En Béotie, on connaissait un mode de chant particulier, attribué au Sphinx, et nommé Alyros.


Le Sphinx dans le mythe d'Œdipe

Le Sphinx apparut sur le mont Sphingius ou Phicius (c'est-a-dire du Sphinx), aux environs de Thèbes, peu de temps après qu'Œdipe eut tué son père. Interceptant la route qui conduisait dans la capitale de la Béotie, il proposait des énigmes aux passants, et dévorait ceux auxquels leur esprit obtus ne permettait pas de deviner le sens de ses gryphes. Hémon, fils de Créon, et Hippius, fils d'Eurynome, périrent de la sorte, ainsi que beaucoup d'autres infortunés. Les Thébains, ayant promis la main de Jocaste et le pouvoir souverain à celui qui les délivrerait de ce fléau, Œdipe se présenta:
« — Quel est, lui dit le Sphinx, l'animal qui a quatre pieds le matin, deux à midi, et trois le soir?
— C'est l'homme, répondit Œdipe: dans son enfance il se traîne sur les pieds et les mains, et dans sa vieillesse il s'appuie sur un bâton. »
Alors, et conformément à la décision de l'oracle, le Sphinx se jeta dans les flots. On ne saurait fixer l'époque de l'introduction de ce mythe étranger dans la fable grecque. Il est certainement postérieur à Homère.
Du temps de ce poète, les traditions relatives à Œdipe n'avaient pas encore acquis l'importance qu'elles eurent plus tard dans les compositions des tragiques, et l'Iliade, ainsi que l'Odyssée, ne font aucune mention du Sphinx, création égyptienne importée en Grèce, sans doute par suite d'une confusion entre les deux villes de Thèbes. L'art égyptien a toujours représenté cet animal fabuleux sous la forme d'un lion (sans ailes) couché, ayant la tête et le buste d'un homme. On trouve, du reste, dans les monuments de ce pays, des Sphinx de plusieurs modèles.
Hérodote les désigne par l'épithète d'Androsphinges, pour les distinguer des Criosphinges ou Sphinx à têtes de bélier et à corps de lion, qu'on rencontrait en assez grand nombre en Egypte. Parmi les premiers, qu'on plaçait devant les temples sur deux lignes parallèles, le plus remarquable par ses énormes dimensions, est celui de Giséh, taillé tout entier, aux pattes près, dans un roc gigantesque.

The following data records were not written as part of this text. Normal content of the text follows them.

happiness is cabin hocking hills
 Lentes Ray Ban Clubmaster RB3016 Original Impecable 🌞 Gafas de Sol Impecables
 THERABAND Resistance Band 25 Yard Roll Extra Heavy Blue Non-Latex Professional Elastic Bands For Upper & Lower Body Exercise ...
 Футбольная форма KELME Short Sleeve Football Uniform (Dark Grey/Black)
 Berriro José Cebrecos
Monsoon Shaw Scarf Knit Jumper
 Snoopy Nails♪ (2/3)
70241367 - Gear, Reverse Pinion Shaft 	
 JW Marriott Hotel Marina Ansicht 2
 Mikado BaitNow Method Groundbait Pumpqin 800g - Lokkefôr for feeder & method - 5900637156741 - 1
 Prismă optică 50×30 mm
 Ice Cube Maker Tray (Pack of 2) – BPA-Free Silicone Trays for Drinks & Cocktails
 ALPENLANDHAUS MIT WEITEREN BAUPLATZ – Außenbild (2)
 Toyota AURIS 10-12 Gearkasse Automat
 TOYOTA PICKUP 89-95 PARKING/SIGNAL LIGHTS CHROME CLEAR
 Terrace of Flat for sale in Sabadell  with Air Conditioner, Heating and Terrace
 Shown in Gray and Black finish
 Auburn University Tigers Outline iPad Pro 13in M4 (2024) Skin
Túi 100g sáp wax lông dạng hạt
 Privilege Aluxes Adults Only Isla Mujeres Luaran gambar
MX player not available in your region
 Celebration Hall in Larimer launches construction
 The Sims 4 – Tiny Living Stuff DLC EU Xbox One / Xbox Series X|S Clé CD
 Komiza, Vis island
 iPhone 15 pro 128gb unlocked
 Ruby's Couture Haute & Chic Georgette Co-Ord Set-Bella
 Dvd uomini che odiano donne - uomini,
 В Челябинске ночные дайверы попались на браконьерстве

Les représentations du Sphinx

Les grecs ne se conformèrent pas rigoureusement à l'idéal tracé par l'art égyptien. Pour eux, le Sphinx fut une jeune fille à corps de lion, munie d'ailes et tantôt couchée, tantôt représentée dans diverses autres positions. Du reste, les poètes et les sculpteurs se donnèrent pleine latitude pour varier les éléments principaux et secondaires dont se composait ce bizarre assemblage. Ainsi, le Sphinx a souvent la figure d'une vierge, la poitrine et les griffes d'un lion, la queue d'un serpent et des ailes ; ou bien une tête de lion, un corps d'homme, des griffes de vautour et des ailes d'aigle. On le trouve encore figuré avec un corps de chien.
Des bas-reliefs, des bronzes où il apparaît comme ornement, quelques médailles, entre autres celles de Chio, offrent de nombreuses représentations du Sphinx.